Deze motie is voorgesteld door de leden Rosenmöller, Heerma, Van Dijke, Van den Berg, Nijpels-Hezemans, Marijnissen en Van Wingerden.

Zij krijgt nr. 2 (24470).

De heer Rosenmöller (GroenLinks):

Ik kom toe aan mijn laatste opmerking.

De minister heeft ondubbelzinnig duidelijk gemaakt dat zij weigert te onderhandelen op de hoofdpunten met betrekking tot de overeenkomst die zij met de heer Van Randwijck heeft gesloten. Op de punten en komma's zal de regeling misschien nog zo sober mogelijk gemaakt moeten worden. Dat is natuurlijk een doekje voor het bloeden in het kwadraat. Daar kan ik in ieder geval absoluut geen genoegen mee nemen. Vandaar dat ik de volgende motie indien.

De Kamer,

gehoord de beraadslaging,

verzoekt de minister de onderhandelingen met de betrokken procureur-generaal te heropenen met als doel te komen tot een meer passende voorziening en de Kamer daarover te informeren,

en gaat over tot de orde van de dag.

De voorzitter:

Deze motie is voorgesteld door het lid Rosenmöller. Naar mij blijkt, wordt zij voldoende ondersteund.

Zij krijgt nr. 3 (24470).

De heer Dittrich (D66):

Mijnheer de voorzitter! Ik dank de minister voor haar uitgebreide beantwoording. Desondanks moet ik namens de fractie van D66 zeggen dat wij vinden dat de minister niet aannemelijk heeft kunnen maken waarom dit bedrag nu aan de procureur-generaal in Amsterdam is uitgekeerd. Ik heb daar in eerste termijn een aantal vragen over gesteld. Die zijn beantwoord. Wij vinden het geen antwoorden die ons overtuigen. Wij vinden het bedrag dat aan de procureur-generaal is uitgekeerd of zal worden uitgekeerd te hoog. Wel is het zo dat in de kern van het betoog van de minister wordt aangegeven dat zij nauwelijks een andere mogelijkheid had dan een afvloeiingsregeling te treffen. Op zichzelf onderschrijven wij dat. De minister had ook heel erg weinig speelruimte. Een procedure was geen begaanbare weg.

Dat neemt niet weg dat wij vinden, dat er wat fouten zijn gemaakt bij de afwikkeling hiervan, tijdens de onderhandelingen. De fractie van D66 vindt het onverstandig, dat de landsadvocaat niet eerder is ingeschakeld. Wij denken dat de hazen misschien wat anders zouden zijn gaan lopen als de landsadvocaat eerder was ingeschakeld.

De minister heeft uiteengezet, dat de afspraken die zij met de procureur-generaal heeft gemaakt afspraken op hoofdlijnen zijn.

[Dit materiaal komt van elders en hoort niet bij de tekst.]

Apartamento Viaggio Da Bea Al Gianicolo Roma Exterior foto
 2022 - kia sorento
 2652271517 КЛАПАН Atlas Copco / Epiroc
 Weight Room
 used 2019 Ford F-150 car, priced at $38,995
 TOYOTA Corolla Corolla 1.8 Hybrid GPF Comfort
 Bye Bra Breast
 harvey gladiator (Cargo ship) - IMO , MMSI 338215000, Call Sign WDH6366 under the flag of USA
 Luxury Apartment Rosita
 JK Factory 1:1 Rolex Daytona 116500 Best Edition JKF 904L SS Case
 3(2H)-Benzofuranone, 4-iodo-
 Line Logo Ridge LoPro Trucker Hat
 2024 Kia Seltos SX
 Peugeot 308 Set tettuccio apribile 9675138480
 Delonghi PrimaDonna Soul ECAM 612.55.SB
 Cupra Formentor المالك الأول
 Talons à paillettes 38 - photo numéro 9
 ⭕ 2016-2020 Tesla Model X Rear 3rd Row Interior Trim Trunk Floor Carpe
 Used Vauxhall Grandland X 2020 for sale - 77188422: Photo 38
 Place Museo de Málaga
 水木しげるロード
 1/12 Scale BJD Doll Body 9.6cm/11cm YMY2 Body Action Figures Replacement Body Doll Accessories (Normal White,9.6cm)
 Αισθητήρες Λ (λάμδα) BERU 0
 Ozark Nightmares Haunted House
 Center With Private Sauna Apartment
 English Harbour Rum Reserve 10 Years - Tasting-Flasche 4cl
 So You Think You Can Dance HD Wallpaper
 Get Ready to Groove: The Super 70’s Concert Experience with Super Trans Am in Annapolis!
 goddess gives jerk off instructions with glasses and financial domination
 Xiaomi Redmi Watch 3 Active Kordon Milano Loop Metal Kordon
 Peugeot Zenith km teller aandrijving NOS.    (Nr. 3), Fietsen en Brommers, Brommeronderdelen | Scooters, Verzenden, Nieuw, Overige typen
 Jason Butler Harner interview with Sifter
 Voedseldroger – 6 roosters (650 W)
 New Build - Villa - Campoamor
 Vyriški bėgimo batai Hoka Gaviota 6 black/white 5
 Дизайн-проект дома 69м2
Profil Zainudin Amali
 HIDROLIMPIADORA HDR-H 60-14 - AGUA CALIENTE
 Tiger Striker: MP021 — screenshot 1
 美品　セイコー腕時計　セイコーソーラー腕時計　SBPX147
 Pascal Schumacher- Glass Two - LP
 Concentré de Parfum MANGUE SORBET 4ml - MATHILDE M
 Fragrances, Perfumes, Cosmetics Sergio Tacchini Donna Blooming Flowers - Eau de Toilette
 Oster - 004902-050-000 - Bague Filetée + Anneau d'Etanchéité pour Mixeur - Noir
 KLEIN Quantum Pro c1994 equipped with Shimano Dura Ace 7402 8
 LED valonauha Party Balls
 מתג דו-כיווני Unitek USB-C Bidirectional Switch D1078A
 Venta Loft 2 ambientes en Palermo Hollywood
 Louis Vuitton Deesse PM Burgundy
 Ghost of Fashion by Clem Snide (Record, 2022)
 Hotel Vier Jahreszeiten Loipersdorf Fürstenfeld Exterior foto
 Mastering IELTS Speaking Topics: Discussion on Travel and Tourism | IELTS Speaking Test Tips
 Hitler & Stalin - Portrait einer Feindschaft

Er zal een gedetailleerde uitwerking plaatsvinden. Wij vertrouwen erop dat de minister, gehoord de brede kritiek in de Kamer, ook de kritiek van de fractie van D66, bij die uitwerking zo sober als maar mogelijk is te werk zal gaan.

Voorzitter! Gehoord het debat en gelet op mijn inbreng in eerste termijn, vindt de fractie van D66 het echt noodzakelijk dat de regering richtlijnen ontwerpt voor het vaststellen van afvloeiingsregelingen waaraan individuele ministers zich in beginsel dienen te houden. Bij afwijking daarvan moet men naar bijvoorbeeld de minister van Binnenlandse Zaken kunnen gaan, om die te raadplegen. Ik heb de minister in haar antwoord horen zeggen, dat zij ook die mening is toegedaan. Ik denk dat dit een wijze les is die uit dit debat getrokken kan worden. Overigens volg ik de minister in haar analyse, dat dit een zo specifieke situatie is geweest dat een herhaling niet goed denkbaar is en dat er dus ook niet sprake zal kunnen zijn van precedentwerking.

De heer Marijnissen (SP):

Mijnheer de voorzitter! De minister heeft gezegd dat de weg naar de ambtenarenrechter voor haar niet open stond. Immers, er was geen dossier opgebouwd en er waren geen schriftelijke verklaringen. De meest voor de hand liggende opmerking mijnerzijds is dan, dat die schriftelijke verklaringen volgens mij nog achteraf kunnen worden opgesteld. Waarom heeft de minister bovendien niet gewacht tot de uitslag van de IRT-enquête er was? Immers, ook die zou wel eens de nodige op schrift gestelde motieven kunnen aanleveren, zodat de gang naar de ambtenarenrechter niet a priori zonder succes behoefde te zijn. Immers, de uitspraken van de heer Van Randwijck aldaar spreken voor zich.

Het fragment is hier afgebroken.